Congratulations on the purchase of your new Pomeranian puppy. You can expect years of enduring companionship and health with the proper love and care. Many poms live up to 15 years of age, and some even longer. Should you ever have questions or concerns about any puppy purchased from us, please do not hesitate to call or email us. We are dedicated to providing quality support for the life of your puppy.

Here are some general guidelines to follow as your new puppy becomes a part of your family:



Pomeranian puppies, as well as any breed of dog, will live longer and much healthier lives if they are fed  high quality dog food. Dog food purchased at the grocery store does not compare to the top brands available on the market usually found in specialty stores. Although a lot of the premium foods can be too rich for  smaller dogs, causing diarrhea and bloody stools. You will have to experiment and use what seems best to you. We advise against Blue, Wellness and Avoderm for problems with stool as well as foods that have lamb as an ingredient. We have fed Eukanuba, Iams, Pedigree Small Breed, Solid Gold Wee Bit and Nutro Small Breed with no problems.


Fresh Water and Food

Always keep plenty of fresh, clean supply of water Be sure to clean the water and food bowls frequently so bacteria does not build up on them. Poms can be fed either free range (food always readily available) or on a schedule. Puppies need to be fed 2 to 3 times a day depending on their size and should be kept on puppy food for a full year. Be aware of how much your puppy eats as some dogs will tend to overeat and can later cause health issues from overeating.

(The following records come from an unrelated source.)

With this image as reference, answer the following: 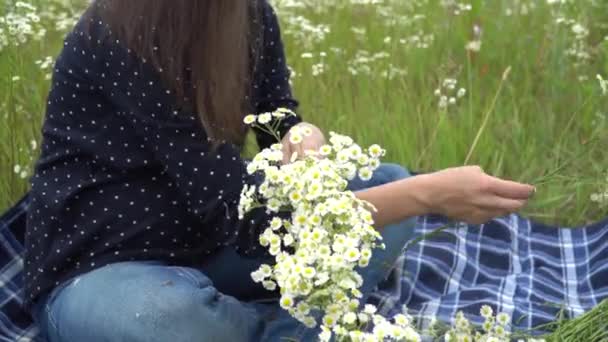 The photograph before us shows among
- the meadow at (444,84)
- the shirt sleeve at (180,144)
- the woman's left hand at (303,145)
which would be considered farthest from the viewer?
the meadow at (444,84)

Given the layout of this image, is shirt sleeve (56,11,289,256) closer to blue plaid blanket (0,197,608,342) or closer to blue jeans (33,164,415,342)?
blue jeans (33,164,415,342)

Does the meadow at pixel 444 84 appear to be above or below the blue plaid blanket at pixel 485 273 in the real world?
above

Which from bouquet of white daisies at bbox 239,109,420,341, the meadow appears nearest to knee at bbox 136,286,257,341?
bouquet of white daisies at bbox 239,109,420,341

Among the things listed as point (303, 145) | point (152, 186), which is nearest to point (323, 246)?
point (152, 186)

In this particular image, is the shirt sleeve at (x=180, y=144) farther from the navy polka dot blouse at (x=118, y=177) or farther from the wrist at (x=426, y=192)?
the wrist at (x=426, y=192)

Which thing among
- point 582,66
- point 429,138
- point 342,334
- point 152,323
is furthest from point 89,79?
point 582,66

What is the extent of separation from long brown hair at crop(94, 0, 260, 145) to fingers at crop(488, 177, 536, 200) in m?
0.43

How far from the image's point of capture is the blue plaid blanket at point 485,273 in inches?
79.7

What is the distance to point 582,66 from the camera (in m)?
2.88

Table Scraps, Bones and Rawhide

Do not give your dogs table scraps other than simple meat or greens with no added spices. Dogs were never intended to eat the processed foods we generally eat and when given typical table food, it will lead to health and dental problems. Chicken and pork bones splinter, other bones break as well and can all cause internal problems often requiring surgery or resulting in the death of your dog. Rawhide should not be given before six to eight months and never unsupervised or completely chewed down so the dog swallows a piece of it


Separation Crying and Warmth


Puppies recently separated from their mom or littermates, will often cry the first few nights. You might find that placing an old shirt with your scent or an old type windup alarm clock wrapped in a towel to mimick a heart beat helpful until your new pup is adjusted to his/her new home. There are stuffed specialty dogs that come with replacable internal heat packs and a heartbeat to use with small pups. A puppy does not retain it's bodyheat like we do and can catch cold or flu from drafts so be sure your puppy is as comfortable as you would like to be in inclimate weather.



Grooming: Coat and Nails

Grooming will keep your pom looking great, and with regular brushing will keep shedding to a minimum with a healthier coat. Depending on the type of coat your pom has, grooming once or twice a week is usually sufficient. Silky coats tend to mat less and using a good conditioner after shampooing can help to prevent matting as well.. If you brush your pom before shampooing it can also help prevent matting Keeping the nails clipped is important to prevent problems in the pads. You can ask your vet to show you how to do this or a lot of pet stores now offer nail trims for a small fee. It is easy to clip them too short and cause them to bleed. Remember to keep the hair around their nails clipped short as well. This makes clipping their nails a lot easier. They are easy to clip once you know how. Keeping the fur around the anus very short, or shaving the area, can prevent fecal matter from attaching and becoming hard and makes for a nicely groomed and clean pup.  A pomeranian's full coat may not come in fully until two to three years. Around 10-16 weeks of age your puppy will go through a stage which is called “puppy uglies”. This is where their baby coat is lost and an adult coat replaces the finer hair. Average wait is around one and a half years with a light shedding twice a year. 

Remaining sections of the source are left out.